### WHAT YOU HAVE TO DO
An exact transcription of all the entries below is required.

### GIVEN RECORDS

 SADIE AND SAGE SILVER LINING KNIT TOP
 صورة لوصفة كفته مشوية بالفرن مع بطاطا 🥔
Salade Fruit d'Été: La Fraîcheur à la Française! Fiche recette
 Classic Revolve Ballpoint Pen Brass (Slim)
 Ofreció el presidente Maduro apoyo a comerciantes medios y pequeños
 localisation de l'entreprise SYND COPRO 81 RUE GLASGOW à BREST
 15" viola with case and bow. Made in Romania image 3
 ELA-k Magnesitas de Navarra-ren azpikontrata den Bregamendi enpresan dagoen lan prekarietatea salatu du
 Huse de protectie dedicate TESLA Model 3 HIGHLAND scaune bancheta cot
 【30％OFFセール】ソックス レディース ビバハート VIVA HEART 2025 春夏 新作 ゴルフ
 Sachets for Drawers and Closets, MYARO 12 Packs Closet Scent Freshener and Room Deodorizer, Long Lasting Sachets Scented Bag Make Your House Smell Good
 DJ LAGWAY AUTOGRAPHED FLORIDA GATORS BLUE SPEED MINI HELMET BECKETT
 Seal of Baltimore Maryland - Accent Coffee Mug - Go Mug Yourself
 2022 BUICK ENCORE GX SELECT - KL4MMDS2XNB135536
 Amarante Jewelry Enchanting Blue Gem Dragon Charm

### REPLY
 SADIE AND SAGE SILVER LINING KNIT TOP
 صورة لوصفة كفته مشوية بالفرن مع بطاطا 🥔
Salade Fruit d'Été: La Fraîcheur à la Française! Fiche recette
 Classic Revolve Ballpoint Pen Brass (Slim)
 Ofreció el presidente Maduro apoyo a comerciantes medios y pequeños
 localisation de l'entreprise SYND COPRO 81 RUE GLASGOW à BREST
 15" viola with case and bow. Made in Romania image 3
 ELA-k Magnesitas de Navarra-ren azpikontrata den Bregamendi enpresan dagoen lan prekarietatea salatu du
 Huse de protectie dedicate TESLA Model 3 HIGHLAND scaune bancheta cot
 【30％OFFセール】ソックス レディース ビバハート VIVA HEART 2025 春夏 新作 ゴルフ
 Sachets for Drawers and Closets, MYARO 12 Packs Closet Scent Freshener and Room Deodorizer, Long Lasting Sachets Scented Bag Make Your House Smell Good
 DJ LAGWAY AUTOGRAPHED FLORIDA GATORS BLUE SPEED MINI HELMET BECKETT
 Seal of Baltimore Maryland - Accent Coffee Mug - Go Mug Yourself
 2022 BUICK ENCORE GX SELECT - KL4MMDS2XNB135536
 Amarante Jewelry Enchanting Blue Gem Dragon Charm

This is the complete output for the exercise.